• [Crawled caption data]:
════════
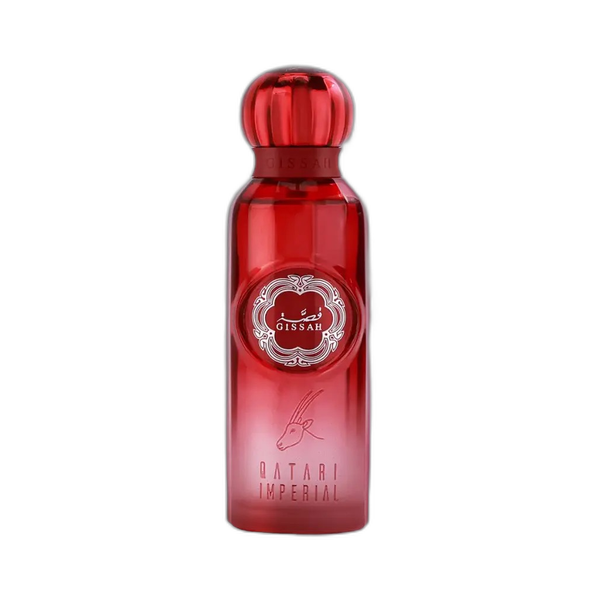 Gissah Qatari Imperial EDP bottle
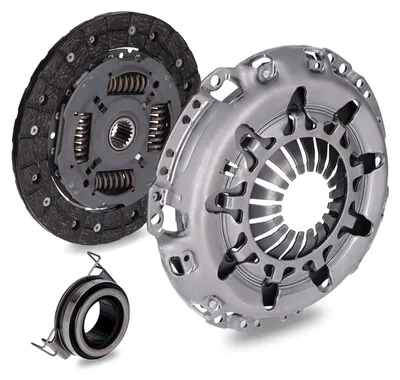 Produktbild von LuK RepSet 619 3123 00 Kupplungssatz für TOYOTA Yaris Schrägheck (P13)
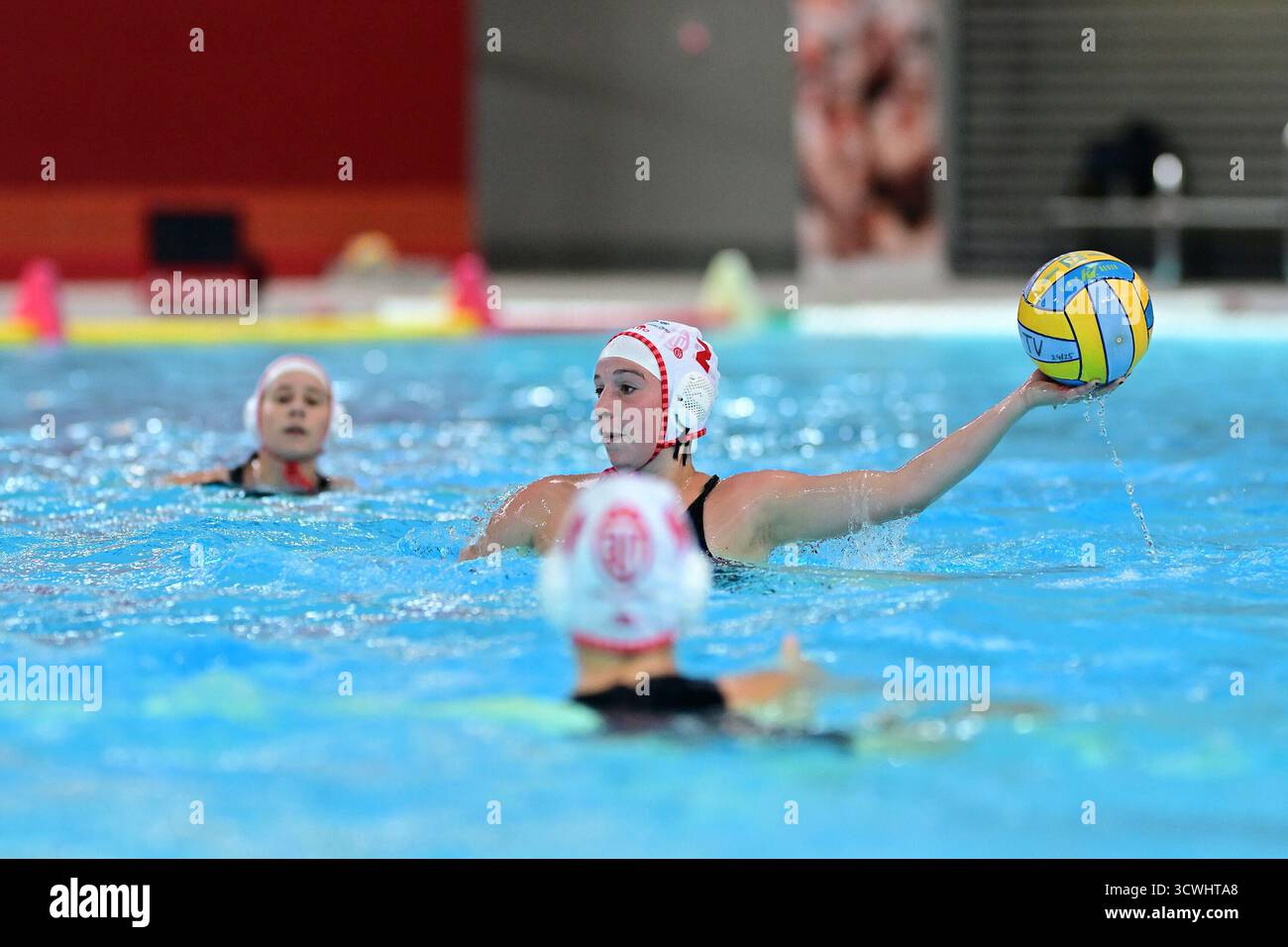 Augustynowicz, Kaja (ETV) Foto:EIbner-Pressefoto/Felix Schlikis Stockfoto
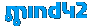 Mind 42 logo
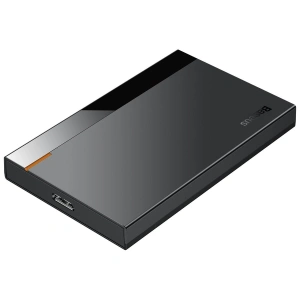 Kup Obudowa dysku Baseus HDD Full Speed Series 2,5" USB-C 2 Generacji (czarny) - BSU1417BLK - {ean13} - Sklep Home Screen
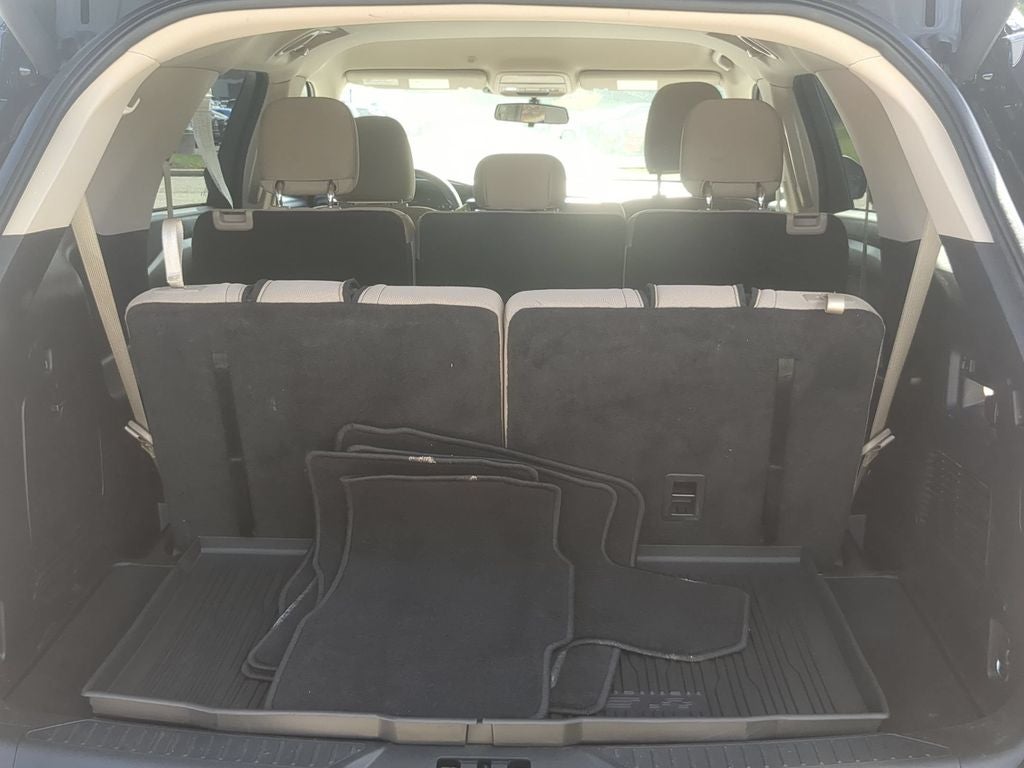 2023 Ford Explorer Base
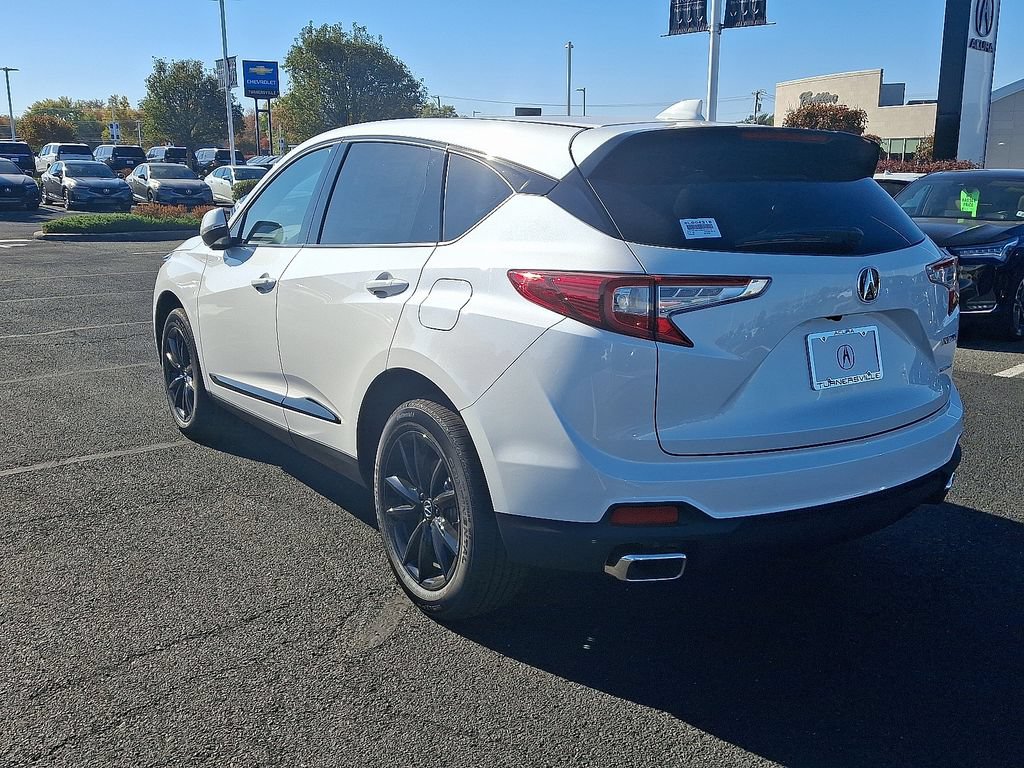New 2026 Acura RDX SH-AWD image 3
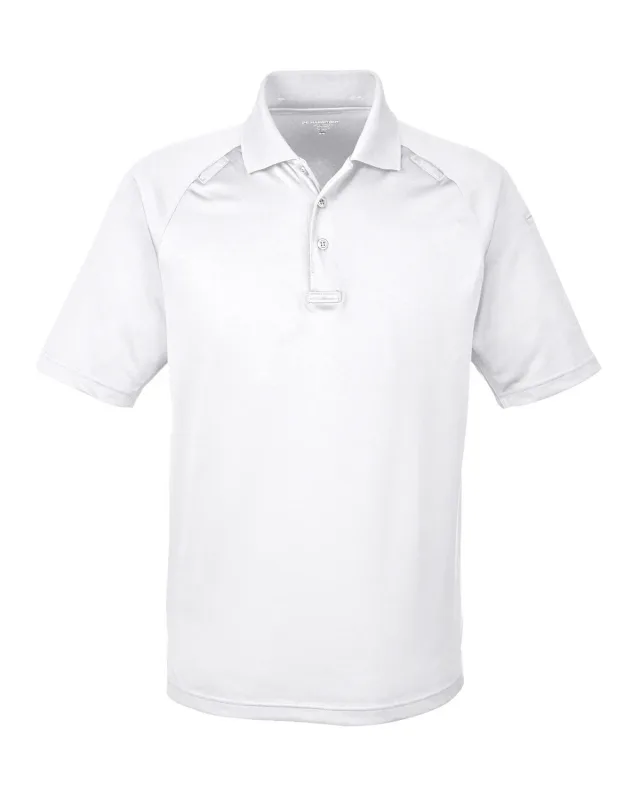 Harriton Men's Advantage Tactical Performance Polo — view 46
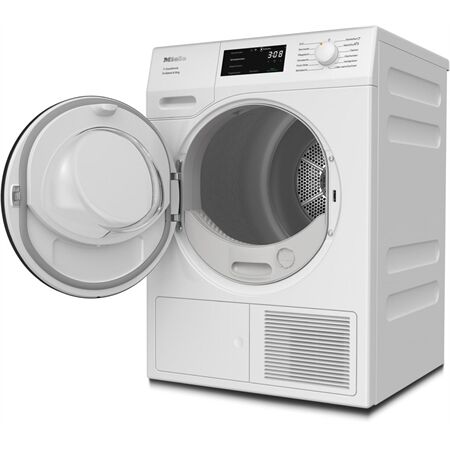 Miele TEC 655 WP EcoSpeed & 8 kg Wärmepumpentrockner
════════
• [What to produce]:
Reproduce the lines of the data that run from the one containing "2023 Ford Explorer Base" to the final line, both included, exactly as they appear and without the pictures.

• [Exercise output]:
 2023 Ford Explorer Base
New 2026 Acura RDX SH-AWD image 3
 Harriton Men's Advantage Tactical Performance Polo — view 46
 Miele TEC 655 WP EcoSpeed & 8 kg Wärmepumpentrockner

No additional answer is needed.